Verse James 5:4. The hire of the labourers] The law, Leviticus 19:13, had ordered: The wages of him that is hired shall not abide with thee all night until the morning, every day's labour being paid for as soon as ended. This is more clearly stated in another law, Deuteronomy 24:15: At his day thou shalt give him his hire; neither shall the sun go down upon it;-lest he cry against thee unto the Lord, and it be sin unto thee. And that God particularly resented this defrauding of the hireling we see from Malachi 3:5: I will come near to you in judgment, and will be a swift witness against those who oppress the hireling in his wages. And on these laws and threatenings is built what we read in Synopsis Sohar, p. 100, l. 45: "When a poor man does any work in a house, the vapour proceeding from him, through the severity of his work, ascends towards heaven. Wo to his employer if he delay to pay him his wages." To this James seems particularly to allude, when he says: The cries of them who have reaped are entered into the ears of the Lord of hosts; and the rabbins say, "The vapour arising from the sweat of the hard-worked labourer ascends up before God." Both images are sufficiently expressive.
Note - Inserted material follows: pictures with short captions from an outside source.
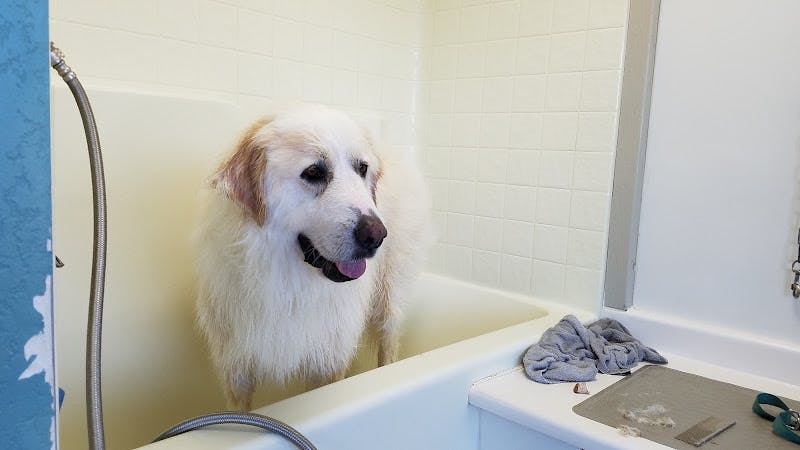 Dog day care center Rub-A-Dub Dog Bath Vallejo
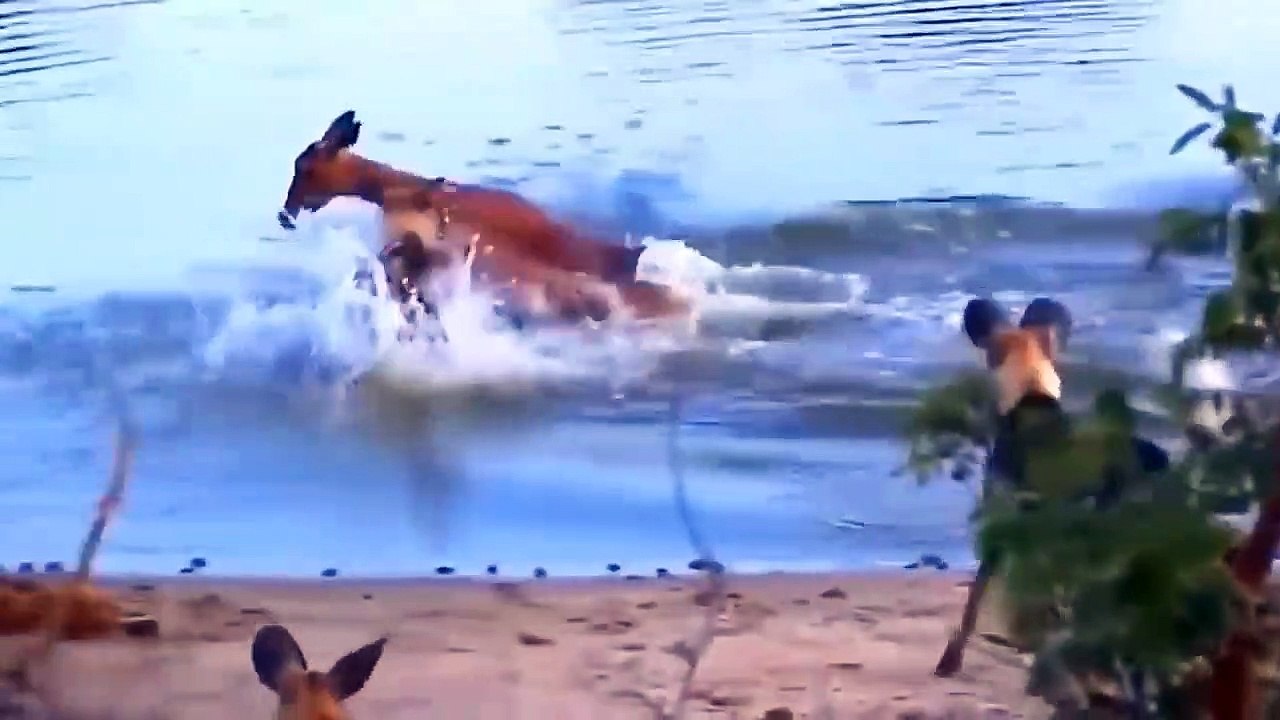 Top 10 wild dogs hunting scenes, King lion also become their victims.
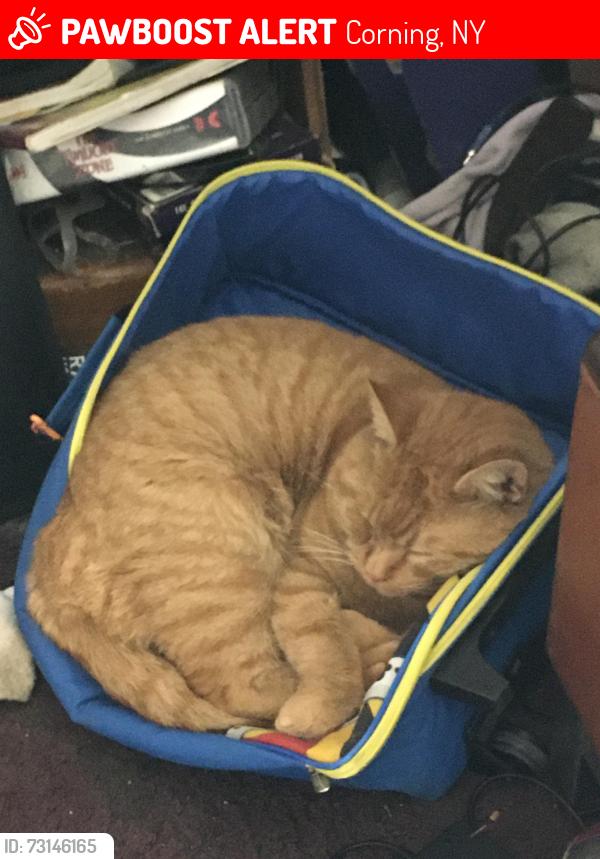 Lost Male Cat last seen Near, Corning, NY 14830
The Lord of sabaoth.] St. James often conceives in Hebrew though he writes in Greek. It is well known that יהוה צבאות Yehovah tsebaoth, Lord of hosts, or Lord of armies, is a frequent appellation of God in the Old Testament; and signifies his uncontrollable power, and the infinitely numerous means he has for governing the world, and defending his followers, and punishing the wicked.